Ok, so.. maybe I'm crazy but... ever since my initial foray into Micro-controllers, so little emphasis is kept on the actual building when it comes to "moving" bots. On the beloved arduino, all it takes is a single open source shield (or less) to start making a chassis move, and right out of the box you can receive and measure various sensors and inputs.
The real emphasis eventually becomes.. the "smart", the what you want it to do, the making sense of what the world is, and finding the action to make within it. I remember at this years Makerfaire, meeting an awesome maker by the name of Kris Magri who demoed the assembly of a very nice intro bot called "Makey". One of the audience members at the demo asked about the code for the robot, and she replied with something along the lines of.. you can spend a couple weeks building it to sense and move, but you can spend years on the code...
As I nodded I felt the same lump of despair I've always had about making a wheeled autonomous bot. The idea that it would never become anything more than a wall rammer, a table lemming, or a thin veneer of intelligence based on trickery and careful timing. Remote controls become extensions of yourself, but a real bot out on it's own.. you've created your own "life". It's probably the dream we've always had when making bots, but when you get down to coding it, the learning curve is so steep as to stop you in your tracks.. unless it's your major at MIT.
I intend to officially put forth an idea today. I call it, µCAI, or the Micro-controller Artificial Intelligence project.

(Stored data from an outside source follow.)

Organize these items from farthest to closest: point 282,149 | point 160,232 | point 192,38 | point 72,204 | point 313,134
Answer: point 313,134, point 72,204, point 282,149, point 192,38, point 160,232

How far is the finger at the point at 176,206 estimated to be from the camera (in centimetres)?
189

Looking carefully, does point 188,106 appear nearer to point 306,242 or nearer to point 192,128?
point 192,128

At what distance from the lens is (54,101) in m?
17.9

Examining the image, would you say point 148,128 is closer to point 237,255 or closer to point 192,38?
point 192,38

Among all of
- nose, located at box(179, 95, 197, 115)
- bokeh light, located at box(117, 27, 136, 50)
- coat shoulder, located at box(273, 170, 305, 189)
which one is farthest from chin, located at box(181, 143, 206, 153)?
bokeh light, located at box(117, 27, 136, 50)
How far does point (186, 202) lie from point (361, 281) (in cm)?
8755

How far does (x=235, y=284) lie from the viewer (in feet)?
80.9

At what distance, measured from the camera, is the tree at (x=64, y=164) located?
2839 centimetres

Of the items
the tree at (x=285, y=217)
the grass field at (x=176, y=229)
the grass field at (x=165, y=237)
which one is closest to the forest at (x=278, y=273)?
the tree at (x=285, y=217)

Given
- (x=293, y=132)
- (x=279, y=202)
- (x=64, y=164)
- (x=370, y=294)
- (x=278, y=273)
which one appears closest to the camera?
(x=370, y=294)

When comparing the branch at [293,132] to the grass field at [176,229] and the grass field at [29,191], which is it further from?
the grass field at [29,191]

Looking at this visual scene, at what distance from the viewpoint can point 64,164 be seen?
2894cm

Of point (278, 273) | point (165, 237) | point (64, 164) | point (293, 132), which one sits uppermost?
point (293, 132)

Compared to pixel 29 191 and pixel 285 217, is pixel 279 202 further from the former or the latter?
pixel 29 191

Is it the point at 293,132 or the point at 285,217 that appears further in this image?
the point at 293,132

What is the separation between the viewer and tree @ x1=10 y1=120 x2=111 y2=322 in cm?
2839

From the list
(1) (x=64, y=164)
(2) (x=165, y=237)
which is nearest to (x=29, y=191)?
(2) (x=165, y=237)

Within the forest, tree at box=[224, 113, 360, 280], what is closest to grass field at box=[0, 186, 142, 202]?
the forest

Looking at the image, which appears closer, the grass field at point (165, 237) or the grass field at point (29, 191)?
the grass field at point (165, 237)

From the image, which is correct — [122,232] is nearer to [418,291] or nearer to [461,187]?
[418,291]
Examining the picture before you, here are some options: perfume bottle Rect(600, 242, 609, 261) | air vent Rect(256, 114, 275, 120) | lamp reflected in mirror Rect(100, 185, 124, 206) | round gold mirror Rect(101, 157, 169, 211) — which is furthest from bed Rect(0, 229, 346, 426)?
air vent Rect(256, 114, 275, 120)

The main idea behind µCAI (other than being hard to type) would be to lower the barrier for students and advanced hobbyists alike to enter into the field of machine learning, neural networks and simple artificial intelligence for use with the myriad micro controller options available. You give your bot eyes, ears and legs, and µCAI would be the brain.
An open source abstraction layer/library ported for many MCU types, allowing all sensor types and inputs to be directly interpreted as needed into action to output through servos, dc motors or speech/sound modules. Light sensing could, with only a few lines of setup code describing what pins contain a photo-resistor, and what functions activate the motors, be transmuted into light tracking/avoiding behavior. Given enough sensors and physical outputs, behavior could give certain weights to light, others to distance, simple area mapping. The possibilities could be endless, as long as it's built open enough.
Yea, I'm probably crazy... but I've seen far too many bot projects fall by the wayside for simple lack of code understanding the physical world.
I don't think anything like this has been done yet, or at least I haven't found it. Enough work has been done out there in code small enough to count that I think there's real hope for this. As a plus to all this, I've never done any machine learning or AI.. but I'm a real fan of Mario AI ;)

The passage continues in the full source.